REQUIRED WORK – Using the data that follows, give again word for word the lines between the one holding "Nagarjuna Degree College" and the one holding "Точка доступа Huawei еKitЕnginе AP160", inclusive. Omit the pictures.

++++ EXERCISE INPUT

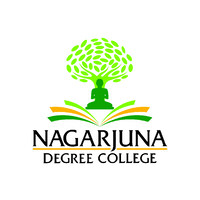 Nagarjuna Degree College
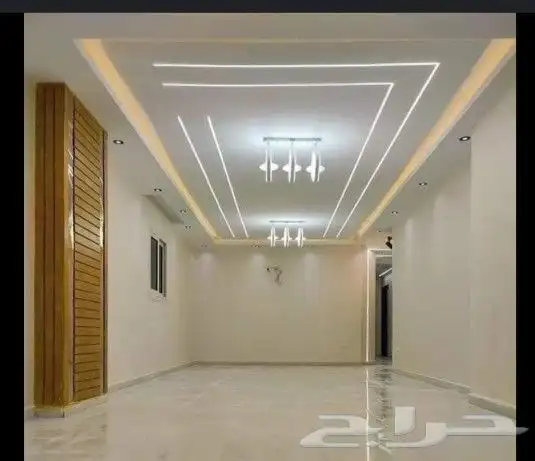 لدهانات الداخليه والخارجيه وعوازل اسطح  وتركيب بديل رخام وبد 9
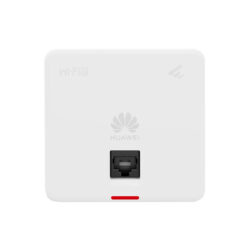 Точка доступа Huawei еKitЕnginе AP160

++++++++
++++ EXERCISE INPUT

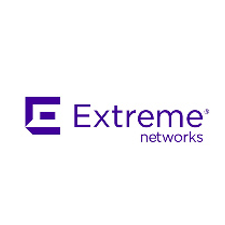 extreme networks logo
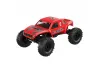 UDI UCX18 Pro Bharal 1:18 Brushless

++++++++
++++ EXERCISE INPUT

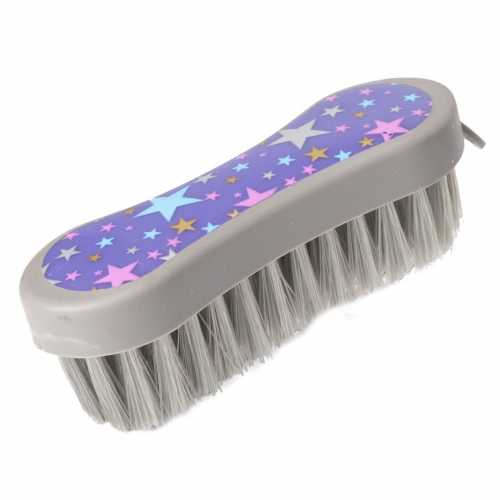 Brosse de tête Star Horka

++++++++

FINISHED TASK –
 Nagarjuna Degree College
 لدهانات الداخليه والخارجيه وعوازل اسطح  وتركيب بديل رخام وبد 9
 Точка доступа Huawei еKitЕnginе AP160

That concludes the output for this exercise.